On Mon, Aug 31, 2015 at 7:55 PM, Tim Peters <tim.peters@gmail.com> wrote:
>
> [Alex]
> >> After some thought, I believe the way to fix the implementation is what I
> >> suggested at first: reset fold to 0 before calling utcoffset() in __hash__.
> >> A rare hash collision is a small price to pay for having datetimes with
> >> different timezones in the same dictionary.
>
> [Tim]
> > Ya, I can live with that. In effect, we give up on converting to UTC
> > correctly for purposes of computing hash(), but only in rare cases.
> > hash() doesn't really care, and it remains true that datetime equality
> > (which does care) still implies hash equality. The later and earlier
> > of ambiguous times will simply land on the same hash chain.
>
> Nope, you wore me out prematurely ;-)
>
It's getting late in my TZ, but what you are saying below sounds like a complaint that if you put t=second 01:30 as a key in the dictionary, you cannot later retrieve it by looking up t.astimezone(timezone.utc). Sorry, but PEP 495 has never promised you that: "instances that differ only by the value of fold will compare as equal. Applications that need to differentiate between such instances should check the value of fold or convert them to a timezone that does not have ambiguous times."

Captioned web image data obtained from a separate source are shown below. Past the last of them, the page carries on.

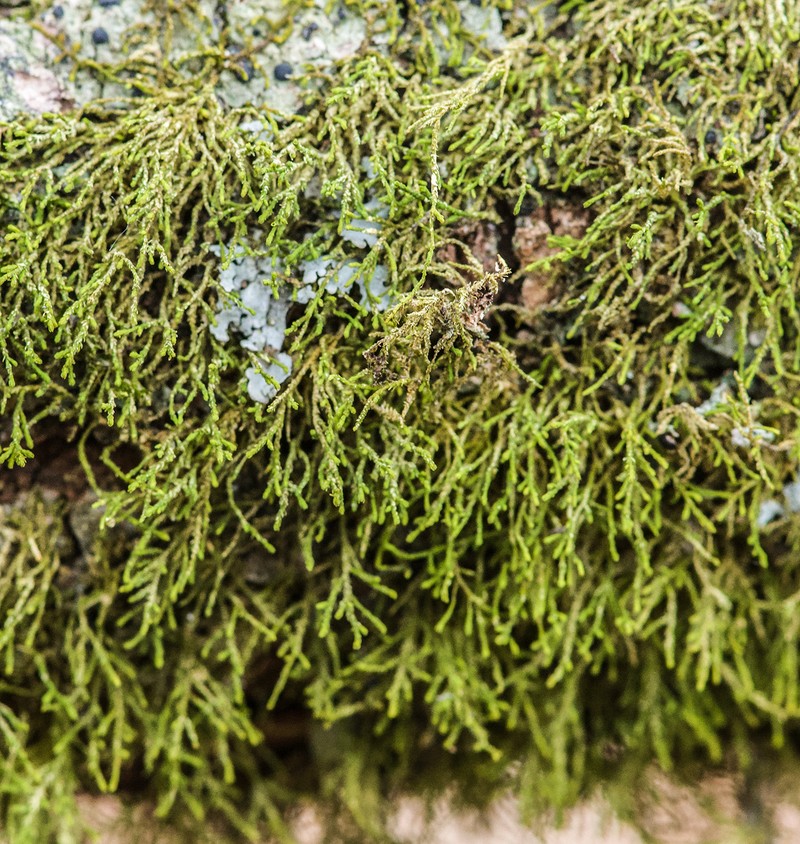 Haplohymenium Moss photo 2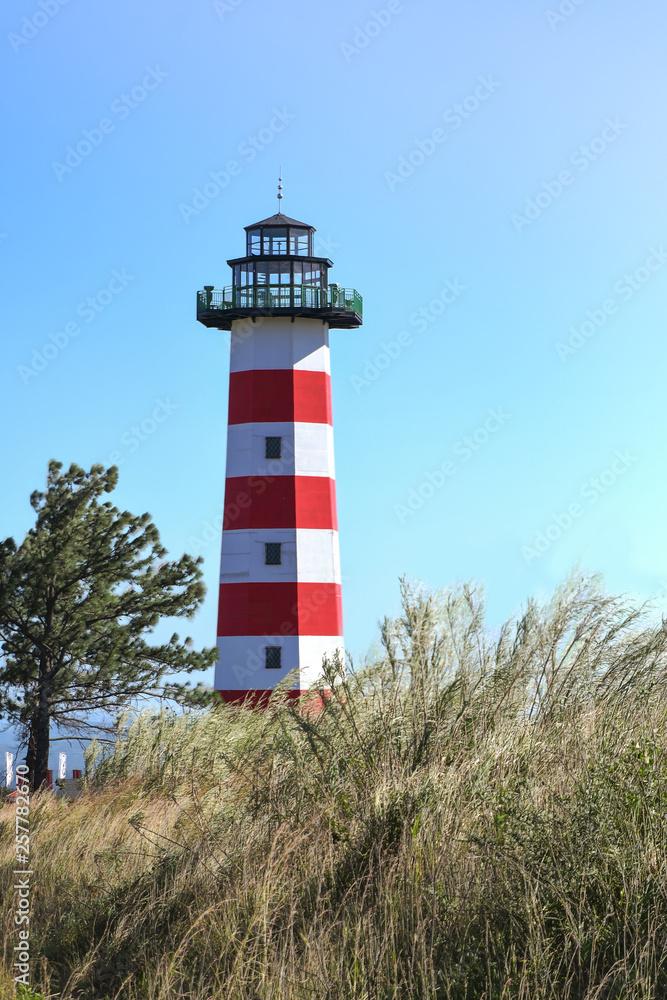 View of a light house with tall grass in front
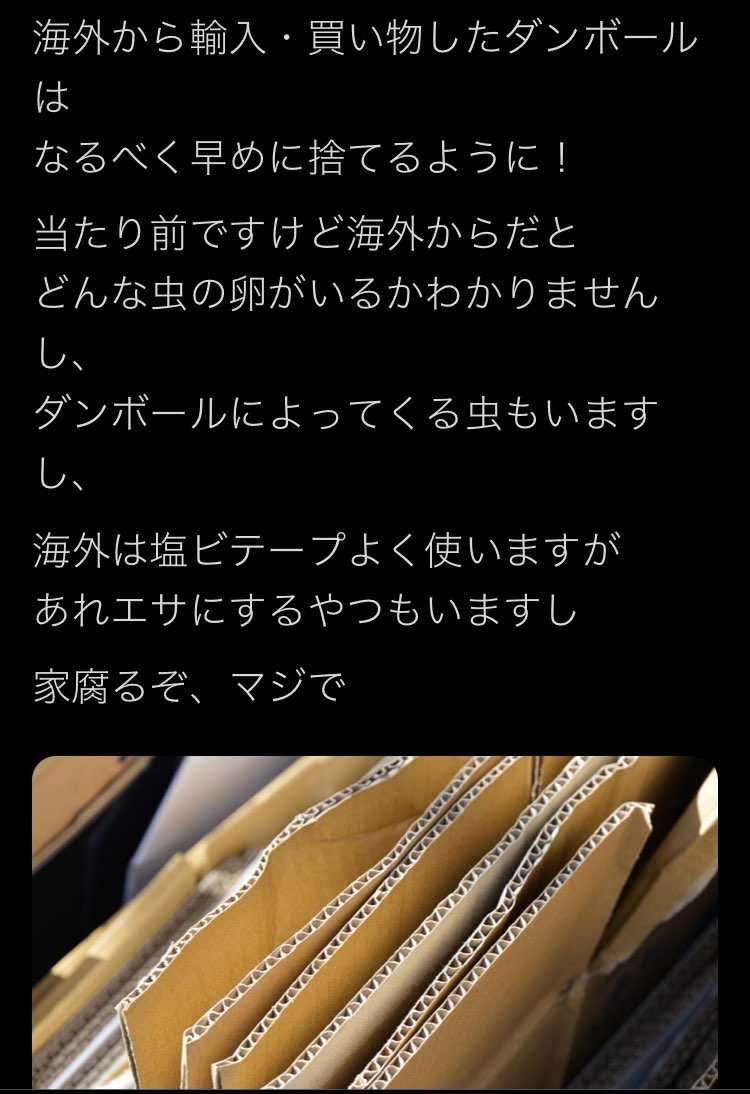 ダンボールはもちろんだけど、普通に考えたらスニーカーの箱もやばいかな…捨てたくな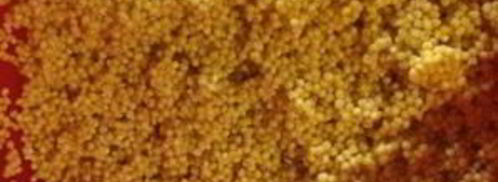 пшеничная каша с соевым мясом и овощами. Шаг 4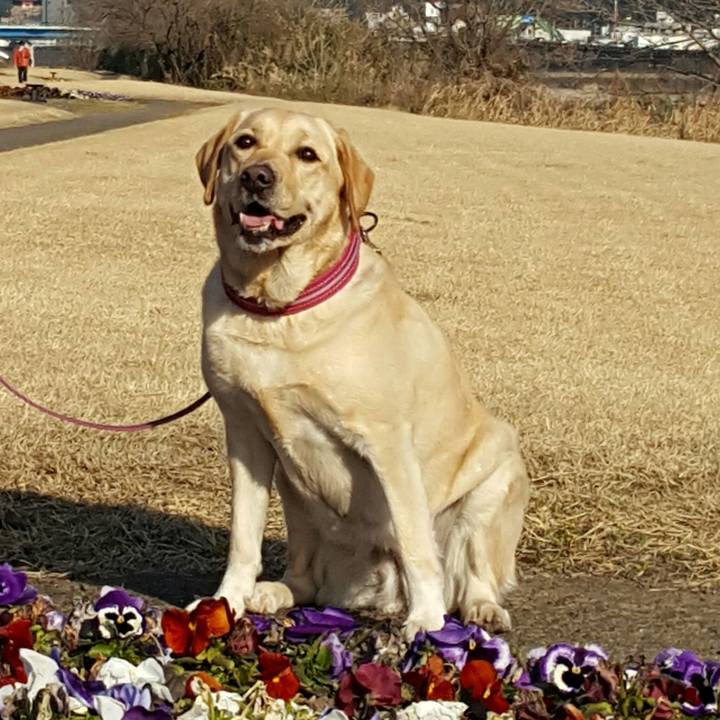 9da76ec1 d4ea 47bd 9934 e0bb73257bee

Maybe if we decide to do something with the arithmetic, we will be able to fix this wart as well.
>
> Consider datetimes dt1 and dt2 representing the earlier & later of an
> ambiguous time in their common zone (whatever it may be - doesn't
> matter). Then all fields are identical except for `fold`. Assume
> __hash__ forces `fold` to 0 before obtaining the UTC offset. Then we
> have:
>
> dt1 == dt2
> hash(dt1) == hash(dt2)
>
> Fine so far as it goes. Now do:
>
> u1 = dt1.astimezone(timezone.utc)
> u2 = dt2.astimezone(timezone.utc)
>
> At this point we have:
>
> u1 == dt1 == dt2 == u2 and u1 < u2
> hash(dt1) == hash(dt2) == hash(u1)
>
> (Parenthetically, note that despite the chain of equalities in the
> first of those lines, we do _not_ have u1 == u2 - transitivity fails,
> which is a bit of a wart by itself.)
>
> Since u1 == dt1, and hash(u1) == hash(dt1), no problem there either.
>
> But u1 isn't at all the same as u2, so hash(u2) can be the same as
> hash(u1) only by (unlikely) accident. hash(u2) is off in a world of
> its own. Therefore hash(dt2) can be the same as hash(u2) only by (the
> same unlikely) accident, despite that dt2 == u2.
>
> So, in all, __hash__ forcing fold=0 at the start hides the problem for
> ambiguous times in the same zone, but doesn't really touch the problem
> for cross-zone equivalent spellings of such times (not even if one of
> the zones is UTC, which is likely the most important case).
>
> One way to fix that is to have datetime.__hash__() _always_ return, say, 0 ;-)